This document is a specification for Hyperspace which brings abilities for users to build indexes on their data, maintain them through a multi-user concurrency mode, and leverage them automatically - without any change to their application code - for query/workload acceleration.

Hyperspace is designed with the following design goals in mind (details are here):

  • Agnostic to data format - Hyperspace intends to provide the ability to index data stored in the lake in any format, including text data and binary data.

  • Low-cost index metadata management - Hyperspace should be light-weight, fast to retrieve, and operate independent of a third-party catalog.

  • Multi-engine interoperability - Hyperspace should make third-party engine integration easy.

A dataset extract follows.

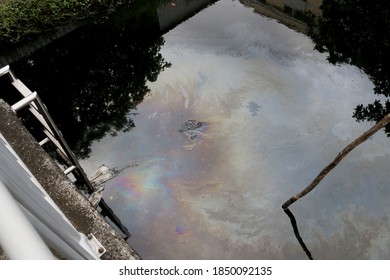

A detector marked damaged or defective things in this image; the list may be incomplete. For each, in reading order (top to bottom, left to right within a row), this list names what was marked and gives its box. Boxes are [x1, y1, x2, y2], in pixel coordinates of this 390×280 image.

cracked concrete edge [0, 99, 142, 260]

  • Simple and guided user experience - Hyperspace should offer the simplest possible experience, with relevant helper APIs, documentation and tutorials.

  • Extensible indexing - Hyperspace should offer mechanisms for easy pluggability of newer auxiliary data structures.

  • Security, Privacy, and Compliance - Hyperspace should meet the necessary security, privacy, and compliance standards.

Hyperspace Index Specification

Indexes are managed by IndexLogEntry which consists of

  • name: Name of the index.
  • derivedDataset: Data that has been derived from one or more datasets and may be optionally used by an arbitrary query optimizer to improve the speed of data retrieval.
  • content: File contents used by the index.
  • source: Data source.
  • properties: Hash map for managing properties of the index.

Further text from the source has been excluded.